Saturday morning I was walking to my volunteer tutoring gig. I got to the school and the program leader told me it was cancelled, sorry! So I walked back to my place. on the corner, I hear this deep voice behind me yell, "yo bitch!" I was sooo scared. I thought I was about to get mugged. I turn around and it is MMJC!!! that bastard was laughing, he sure did startle me. He was in the neighborhood checking in on his apartment he rents out. He also was scouting out a house for his gay couple friends in Mexico. They want an old DC house. So me and MMJC went into a house. But it was a complete wreck. Way too much of a fixer upper. When we parted ways we gave a kiss to each other on the sidewalk in broad day light. I liked that.

My hipster crush got into a bike accident last night and split his chin open.  I hope he is ok!!!

I am going to Key West at the end of the month and I plan on taking my time there to re-center and be on a beach and soak in the surroundings. I also am starting to get ancy again and a part of me wants to plot my next adventure. is it bad that I cannot stay in one place too long? is it bad that I do not like to stay too long in one place? I am addicted to change, yet it is also the one thing in this world that scares the shit out of me most. Why is that?

I am torn. I am torn between staying in one place, getting a job that pays more, make a dent in my loans, be responsible, travel more and buy more sophisticated clothes.

The other part of my soul wants to find a job that pays in Italy - short term - go there and write and take pictures and live and discover.

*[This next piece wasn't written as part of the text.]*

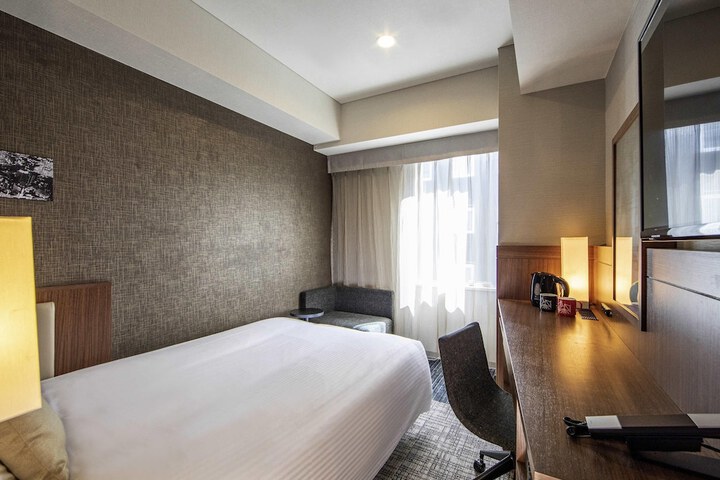Room 25 of 55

So how would I do this is the big big question. I have no idea. I want to think about that in Key West. A curse and blessing of my personality is that I function better with long term goals. Once I complete goals I must move onto another. It's nice because I get a lot done, but I forget to live in the moment and relish in my accomplishments. Sometimes I burn myself out if i'm not careful - it's not pretty; lots of self-loathing and despair.

I do feel very lucky. there are many blessings in my life. But there is this emptiness, this restlessness I still have that I have no idea how to cure. Maybe just do what I want and that will answer the questions? Life is so mysterious and confusing.
 

Monday, February 9, 2015

Authenticity

https://www.youtube.com/watch?v=LfddR5K8X4o

Watch at 30 seconds in.

He says, paraphrasing here "it was only until I stopped trying to be someone that I wasn't that the music became better and resulted in success."

Authenticity is the only way to live.

Tuesday, February 3, 2015

fuck yes

http://markmanson.net/fuck-yes

trying this new dating strategy on for size.

Monday, January 26, 2015

Once again

http://www.wtfpod.com/podcast/episodes/episode_571_-_jimmy_dore

65 minutes to 75 minutes is pretty much what I've been coming to grips with since Jan 2014. 

Goals and achievements, what is the point, how do you fill the empty hole within you if you can never achieve enough. You can only gain approval from yourself. 

It's amazing how we all feel the same sticky situations in this life, even though these two comics are way older than me and dudes.

Tuesday, December 2, 2014

He's baccckkkkkkk




My ex - the one that broke my heart last year - sent me an OUT OF THE BLUE email of hello on Sunday. I said something back, light, breezy, not asking any questions.

Ex: What's up?

Me: Thanksgiving was great, blah blah bye

Ex: Sounds good to me.

hours later

Ex: If you want to catch up or hang out after you get back let me know.

I haven't answered. I don't know if I will. He brought so much pain into my life.

These are the only two reasons I waiver:
1) I still find him devastatingly physically attractive. Like one of the hottest men ever.
2) There is a 5% within me that wants to believe he wants to right all the wrongs, do it "right" this time and love me the way I deserve. There is that very small part I want to believe which is: He loves me and wants to be with me.

But the 95%  knows the truth. The 95% of me cannot forget the countless times during our short time dating that he let me down, made me feel worthless, made me feel like I wasn't a priority. And that's the part I need to remember. I was SO MISERABLE when we were dating. Most of the time sucked and there were brief glimmers of amazingness. Those were the ones i wanted to believe in. But there wasn't enough of good. I constantly questioned my self-worth, confidence, sexiness, even words I said b/c I so badly wanted to please this asshole man. He dangled the relationship in my face, but only if i followed his rules. That's not love. That's manipulative bullshit of a true Narcissistic. The fact that he is contacting me out of the blue is proof of this as well.Also - I do not believe I'm the only one he's emailed this to. I suspect he has a long list of women like me - those he contacts for praise and/or sex when he's in between women and feeling insecure. What an asshole!!!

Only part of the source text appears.